In 1863, together with his sons, Samuel and Frederick, he founded First National Bank of the City of New York (a predecessor to today's Citibank); it opened its doors on July 22 of that year. George Fisher Baker became president of the bank after the Thompsons left the bank in the hands of Harris C. Fahnestock, a former partner of railroad financier Jay Cooke in the banking firm of Jay Cooke & Company, in 1877.

Thompson also founded Chase National Bank of the City of New York in 1877 (a predecessor to today's JPMorgan Chase Bank).

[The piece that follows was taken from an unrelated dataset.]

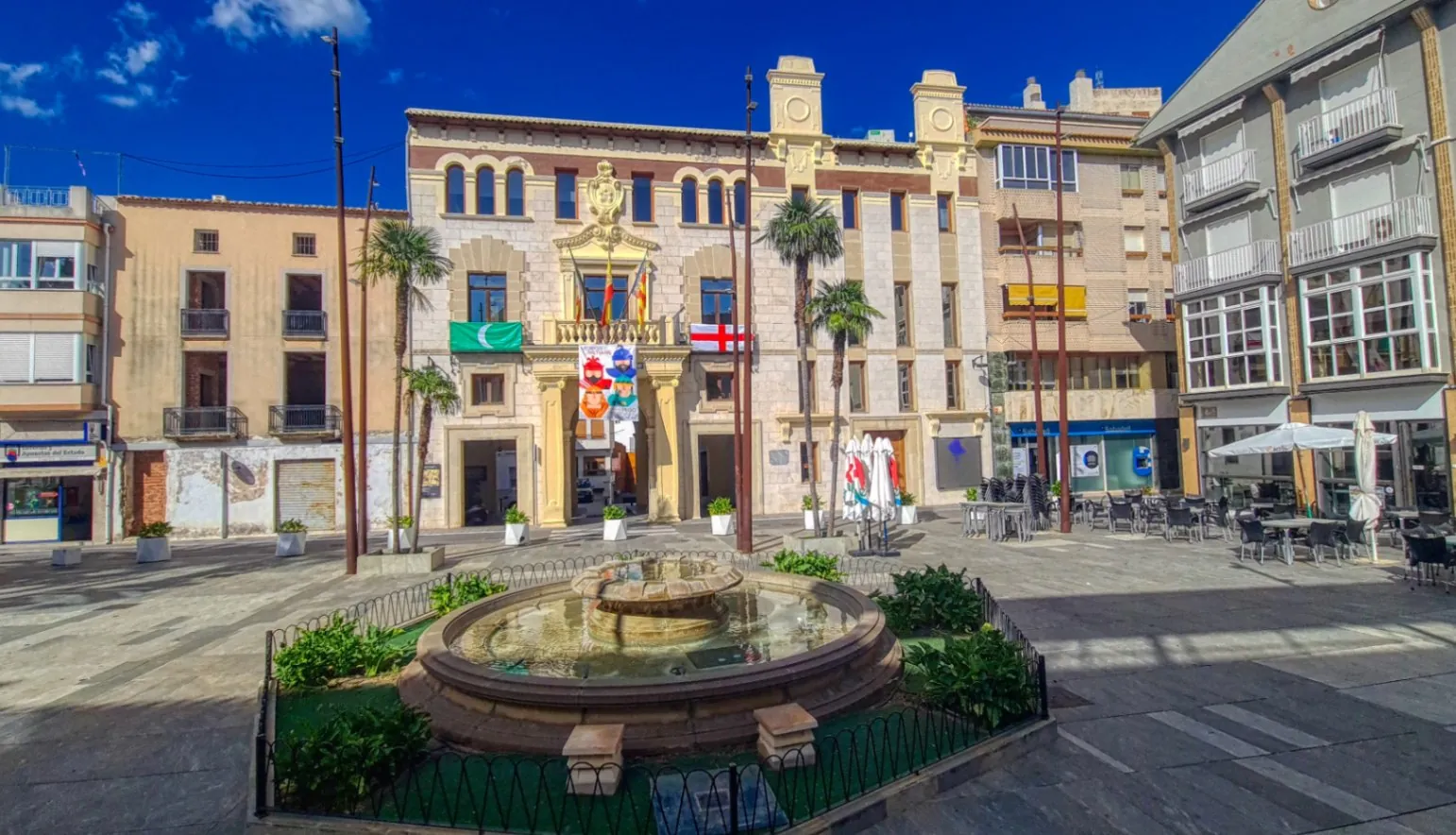 Segundo piso sin ascensor en Pego, con balcón y aire acondicionado.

The bank was named after his friend US Secretary of the Treasury Salmon P. Chase.

==Personal life==
In 1828, Thompson was married to Electa Ferris (1808–1902), a daughter of Lydia Smith Ferris and Solomon Ferris. They resided in New York City at 295 Madison Avenue and summered at The Anchorage in Highland, New York. Together, Electa and John were the parents of six children, including:

- Melvina Thompson (1829–1832), who died in childhood.
- Irving Ferris Thompson (1832–1833), who died in infancy.
- Eudora Thompson (1832–1899), who married Francis G. Adams (1825–1903), a son of Herman Culyer Adams, in 1851.
- Samuel C. Thompson (1835–1884), who married Abigail E. Sherman (1841–1907), daughter of Edward T Sherman.
- Frederick Ferris Thompson (1836–1899), who married Mary Lee Clark, daughter of Governor Myron Holley Clark, in 1857.

After a severe illness that lasted four months, Thompson died on April 19, 1891, at his home in New York at 295 Madison Avenue. His wife died at her home in New York in September 1902 at the age of 95.